━━━━━ Records for the exercise

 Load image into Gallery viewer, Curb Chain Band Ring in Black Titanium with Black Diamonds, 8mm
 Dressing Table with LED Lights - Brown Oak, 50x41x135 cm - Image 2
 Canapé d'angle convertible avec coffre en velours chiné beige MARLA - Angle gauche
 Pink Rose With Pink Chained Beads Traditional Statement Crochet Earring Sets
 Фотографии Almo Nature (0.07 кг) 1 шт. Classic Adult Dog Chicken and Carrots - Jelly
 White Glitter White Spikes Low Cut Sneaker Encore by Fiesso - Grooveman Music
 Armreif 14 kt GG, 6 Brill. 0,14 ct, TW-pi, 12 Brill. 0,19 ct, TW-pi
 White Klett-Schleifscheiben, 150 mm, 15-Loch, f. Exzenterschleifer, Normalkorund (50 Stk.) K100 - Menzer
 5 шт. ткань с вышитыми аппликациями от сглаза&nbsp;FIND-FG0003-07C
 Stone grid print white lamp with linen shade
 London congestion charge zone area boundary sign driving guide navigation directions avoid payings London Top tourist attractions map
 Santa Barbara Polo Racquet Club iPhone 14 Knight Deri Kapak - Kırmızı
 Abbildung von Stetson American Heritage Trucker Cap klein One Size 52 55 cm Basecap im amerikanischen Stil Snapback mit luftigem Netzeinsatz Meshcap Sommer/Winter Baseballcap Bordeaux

━━━━━━━━━━

### Exercise requirements
Write out only the lines that run from the line containing "White Klett-Schleifscheiben, 150" through the line containing "London congestion charge", both included, exactly as they appear above.

### Reply
 White Klett-Schleifscheiben, 150 mm, 15-Loch, f. Exzenterschleifer, Normalkorund (50 Stk.) K100 - Menzer
 5 шт. ткань с вышитыми аппликациями от сглаза&nbsp;FIND-FG0003-07C
 Stone grid print white lamp with linen shade
 London congestion charge zone area boundary sign driving guide navigation directions avoid payings London Top tourist attractions map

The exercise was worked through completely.